After sharing a dataset with a team, account members within the team can use the data within their visual notebooks for further analysis.
Often, a user within the team may be responsible for loading and preparing data and features for a data science project, while another team member uses the data for further analysis and machine learning. Dataset sharing amongst team members facilitates this typical collaborative workflow.

Figure 2: Sharing Visual Notebooks Datasets
Sharing stories
Stories may be shared with team members in an analogous manner to C3 AI Ex Machina datasets. Navigate to the "Stories" page and find the story you'd like to share. Select "Share" followed by the team of users to share with. This is shown in Figure 3.

Figure 3: Sharing Visual Notebooks Stories
Sharing connectors
Visual Notebooks supports sharing connectors to external data resources such as Big Query, Snowflake, and Databricks.
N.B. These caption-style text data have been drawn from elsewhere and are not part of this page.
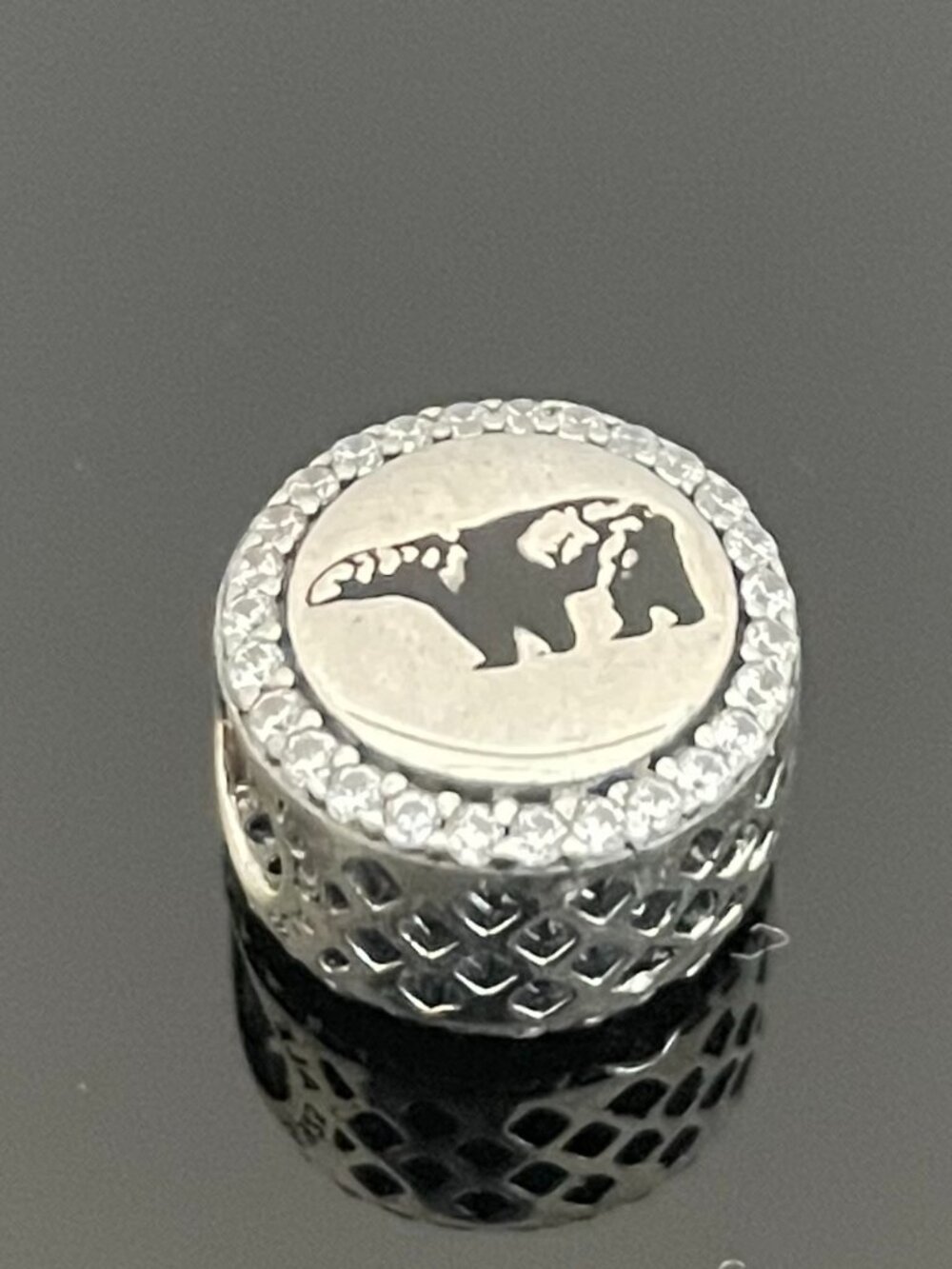 Authentic Pandora Banff Exclusive Charm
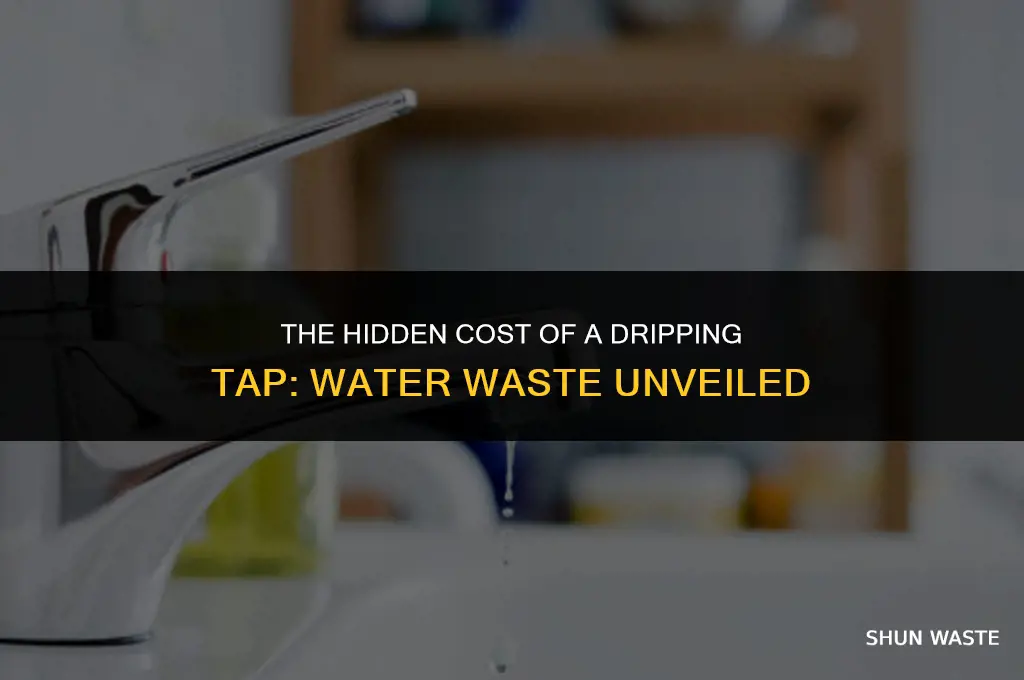 how much water does a dripping tap waste every hourday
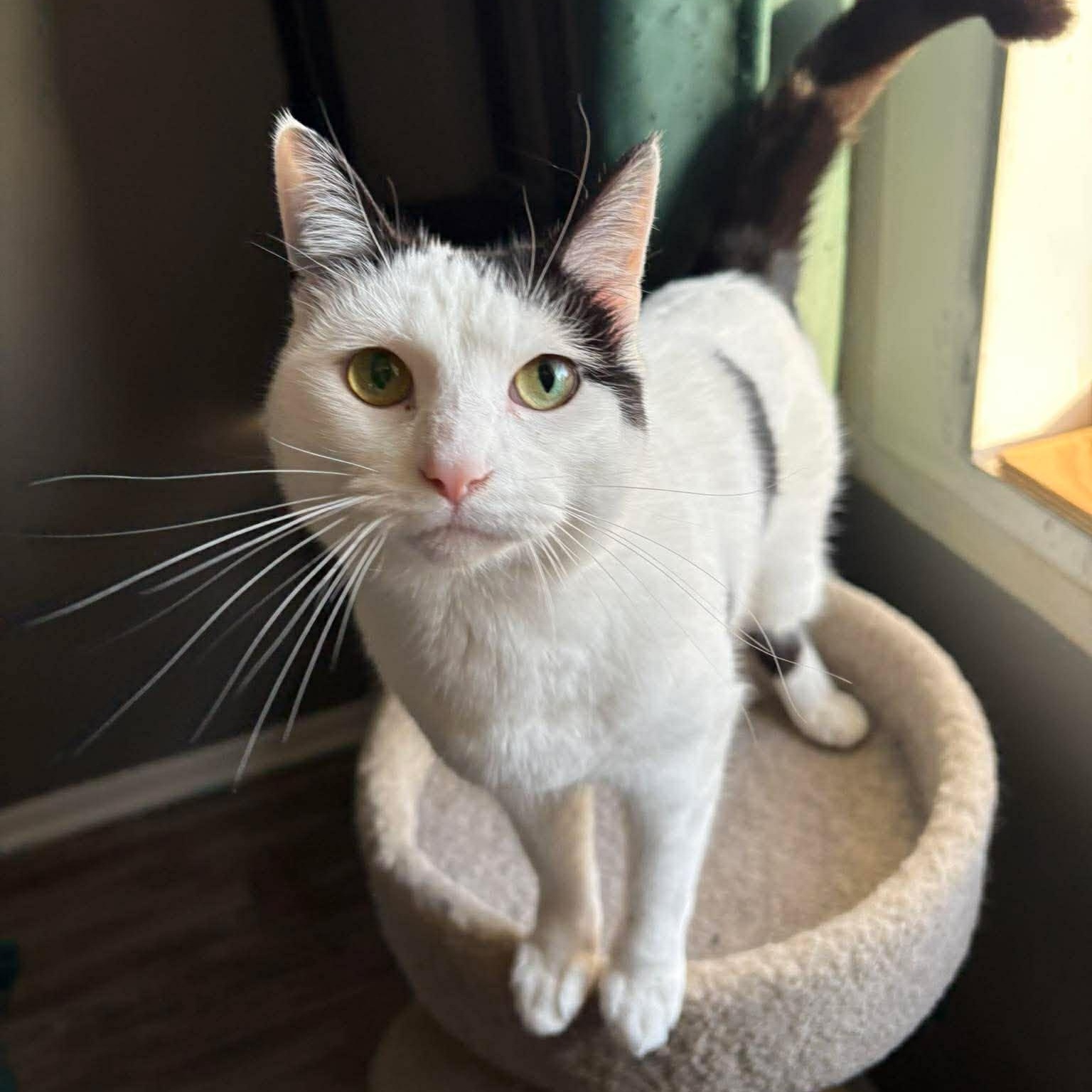 Enlarge Holly, a Adopted Domestic Short Hair in Janesville, WI image 1/3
The steps are like those for datasets and can be seen in Figure 4.
It is often not desirable to share credentials to underlying data resources with multiple users. Instead, an account administrator can create a new "connector" and enter credentials once. The account administrator may then share the connector with all users, or a subset of users defined within an Visual Notebooks team.
Recipient members can leverage the shared connector without ever requiring access to the underlying credentials. The team admin can rescind or change access to credentials at any time.

Figure 4: Sharing External Data Resource Connectors
Sharing visual notebooks and ML pipelines
Visual notebooks and ML pipelines can be shared by performing the following steps:
- Navigate to the "Visual Notebooks" or "ML Pipelines" page.
- Click the three dots beside the visual notebook or ML Pipeline to be shared, and then "Export" to save as a local JSON file. This is shown in Figure 5.
- Send the file to desired recipients using any third-party file transfer service.
- In the recipient account, navigate to the "Visual Notebooks" or "ML Pipelines" page.
- Select "Import" in the top right corner.
- Click browse to locate and upload the JSON file, as shown in Figure 6.
- Enter a name for the visual notebook or pipeline and click "Save."
Any visual notebooks or pipelines shared in this way are copies of one another, so changes made by the sender or recipients are local.